**TASK OBJECTIVE**
Please start at the first line of the records beneath and quote each line exactly, ending with the line containing "Tẩy Trang DERLADIE".
[Start of Attachment]
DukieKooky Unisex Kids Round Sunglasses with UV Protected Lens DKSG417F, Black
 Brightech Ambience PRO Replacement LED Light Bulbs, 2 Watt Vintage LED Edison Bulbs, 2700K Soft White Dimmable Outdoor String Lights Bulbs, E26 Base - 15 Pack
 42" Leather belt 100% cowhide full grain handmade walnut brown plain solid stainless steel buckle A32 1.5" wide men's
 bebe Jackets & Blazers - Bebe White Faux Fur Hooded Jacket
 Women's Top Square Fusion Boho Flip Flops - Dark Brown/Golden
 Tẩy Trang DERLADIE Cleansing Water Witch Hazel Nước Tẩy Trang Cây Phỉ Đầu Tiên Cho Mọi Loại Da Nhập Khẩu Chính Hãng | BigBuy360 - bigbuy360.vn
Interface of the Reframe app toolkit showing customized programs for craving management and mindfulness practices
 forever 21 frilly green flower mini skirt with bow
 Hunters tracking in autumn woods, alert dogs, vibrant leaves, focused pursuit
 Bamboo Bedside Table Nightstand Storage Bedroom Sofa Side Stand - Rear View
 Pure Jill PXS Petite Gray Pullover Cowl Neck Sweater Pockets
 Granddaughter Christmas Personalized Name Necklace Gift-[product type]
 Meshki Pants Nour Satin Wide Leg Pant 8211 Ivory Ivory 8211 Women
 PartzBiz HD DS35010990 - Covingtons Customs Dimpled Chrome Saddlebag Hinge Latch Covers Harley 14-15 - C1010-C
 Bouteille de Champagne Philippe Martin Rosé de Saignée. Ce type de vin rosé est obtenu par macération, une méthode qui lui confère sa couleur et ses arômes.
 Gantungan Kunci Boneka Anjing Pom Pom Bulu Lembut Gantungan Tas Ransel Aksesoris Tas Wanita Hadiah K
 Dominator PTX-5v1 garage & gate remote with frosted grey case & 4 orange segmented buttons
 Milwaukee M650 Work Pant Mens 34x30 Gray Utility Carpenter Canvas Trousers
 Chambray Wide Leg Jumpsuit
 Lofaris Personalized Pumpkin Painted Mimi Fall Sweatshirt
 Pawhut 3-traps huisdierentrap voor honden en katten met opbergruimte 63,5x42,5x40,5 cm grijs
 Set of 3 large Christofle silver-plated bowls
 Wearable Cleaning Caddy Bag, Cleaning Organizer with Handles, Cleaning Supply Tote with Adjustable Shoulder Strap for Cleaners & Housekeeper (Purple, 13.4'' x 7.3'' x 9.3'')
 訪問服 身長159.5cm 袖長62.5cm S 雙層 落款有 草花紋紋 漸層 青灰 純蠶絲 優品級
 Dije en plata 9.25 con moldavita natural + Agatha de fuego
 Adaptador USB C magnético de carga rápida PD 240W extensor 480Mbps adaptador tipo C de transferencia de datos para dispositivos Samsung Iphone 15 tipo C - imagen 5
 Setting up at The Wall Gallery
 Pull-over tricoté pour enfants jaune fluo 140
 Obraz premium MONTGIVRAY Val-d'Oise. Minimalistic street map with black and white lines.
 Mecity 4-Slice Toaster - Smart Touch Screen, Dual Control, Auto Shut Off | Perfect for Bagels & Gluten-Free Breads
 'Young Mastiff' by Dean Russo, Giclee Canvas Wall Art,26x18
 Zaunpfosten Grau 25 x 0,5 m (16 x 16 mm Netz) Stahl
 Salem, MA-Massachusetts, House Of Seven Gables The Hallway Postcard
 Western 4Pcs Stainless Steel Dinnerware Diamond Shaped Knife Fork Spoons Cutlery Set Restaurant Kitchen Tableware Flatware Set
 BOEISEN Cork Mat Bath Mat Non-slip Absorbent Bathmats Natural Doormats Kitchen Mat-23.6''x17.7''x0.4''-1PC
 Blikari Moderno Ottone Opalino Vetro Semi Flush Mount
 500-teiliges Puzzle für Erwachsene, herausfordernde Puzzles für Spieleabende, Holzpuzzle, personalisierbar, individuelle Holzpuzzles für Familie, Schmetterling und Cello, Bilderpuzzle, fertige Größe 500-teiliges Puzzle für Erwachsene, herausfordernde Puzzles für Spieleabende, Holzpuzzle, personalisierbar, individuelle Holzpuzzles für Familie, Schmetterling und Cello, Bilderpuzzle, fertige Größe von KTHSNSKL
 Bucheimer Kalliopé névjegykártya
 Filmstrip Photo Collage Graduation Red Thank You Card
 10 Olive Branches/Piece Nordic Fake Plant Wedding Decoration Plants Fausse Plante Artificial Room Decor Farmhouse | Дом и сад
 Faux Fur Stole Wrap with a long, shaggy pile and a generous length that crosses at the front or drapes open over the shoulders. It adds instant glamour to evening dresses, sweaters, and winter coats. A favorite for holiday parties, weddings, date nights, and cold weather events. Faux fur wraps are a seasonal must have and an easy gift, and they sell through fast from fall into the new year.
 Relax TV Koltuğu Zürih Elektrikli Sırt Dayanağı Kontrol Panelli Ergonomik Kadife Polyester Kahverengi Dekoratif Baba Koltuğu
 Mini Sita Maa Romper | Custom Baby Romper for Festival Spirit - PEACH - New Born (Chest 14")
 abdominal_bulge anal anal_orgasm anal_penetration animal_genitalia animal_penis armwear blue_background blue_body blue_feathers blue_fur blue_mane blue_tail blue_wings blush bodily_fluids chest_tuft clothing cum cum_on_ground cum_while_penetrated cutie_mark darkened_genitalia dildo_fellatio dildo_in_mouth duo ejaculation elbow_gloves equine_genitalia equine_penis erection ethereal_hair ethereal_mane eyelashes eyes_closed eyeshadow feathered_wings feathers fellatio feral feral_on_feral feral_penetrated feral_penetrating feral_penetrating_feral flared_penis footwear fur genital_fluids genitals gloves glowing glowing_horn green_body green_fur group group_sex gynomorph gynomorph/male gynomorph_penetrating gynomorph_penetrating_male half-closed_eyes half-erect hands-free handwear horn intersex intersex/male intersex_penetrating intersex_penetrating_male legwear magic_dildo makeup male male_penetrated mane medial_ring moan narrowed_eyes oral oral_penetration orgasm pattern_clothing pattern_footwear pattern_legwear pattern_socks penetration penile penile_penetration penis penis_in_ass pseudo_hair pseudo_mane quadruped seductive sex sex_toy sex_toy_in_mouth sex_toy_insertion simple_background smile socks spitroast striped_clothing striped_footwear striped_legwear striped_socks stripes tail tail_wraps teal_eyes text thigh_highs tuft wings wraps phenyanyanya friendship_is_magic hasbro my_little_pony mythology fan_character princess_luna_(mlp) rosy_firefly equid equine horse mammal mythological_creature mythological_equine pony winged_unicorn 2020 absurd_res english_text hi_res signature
[End of Attachment]
**TASK SOLUTION**
DukieKooky Unisex Kids Round Sunglasses with UV Protected Lens DKSG417F, Black
 Brightech Ambience PRO Replacement LED Light Bulbs, 2 Watt Vintage LED Edison Bulbs, 2700K Soft White Dimmable Outdoor String Lights Bulbs, E26 Base - 15 Pack
 42" Leather belt 100% cowhide full grain handmade walnut brown plain solid stainless steel buckle A32 1.5" wide men's
 bebe Jackets & Blazers - Bebe White Faux Fur Hooded Jacket
 Women's Top Square Fusion Boho Flip Flops - Dark Brown/Golden
 Tẩy Trang DERLADIE Cleansing Water Witch Hazel Nước Tẩy Trang Cây Phỉ Đầu Tiên Cho Mọi Loại Da Nhập Khẩu Chính Hãng | BigBuy360 - bigbuy360.vn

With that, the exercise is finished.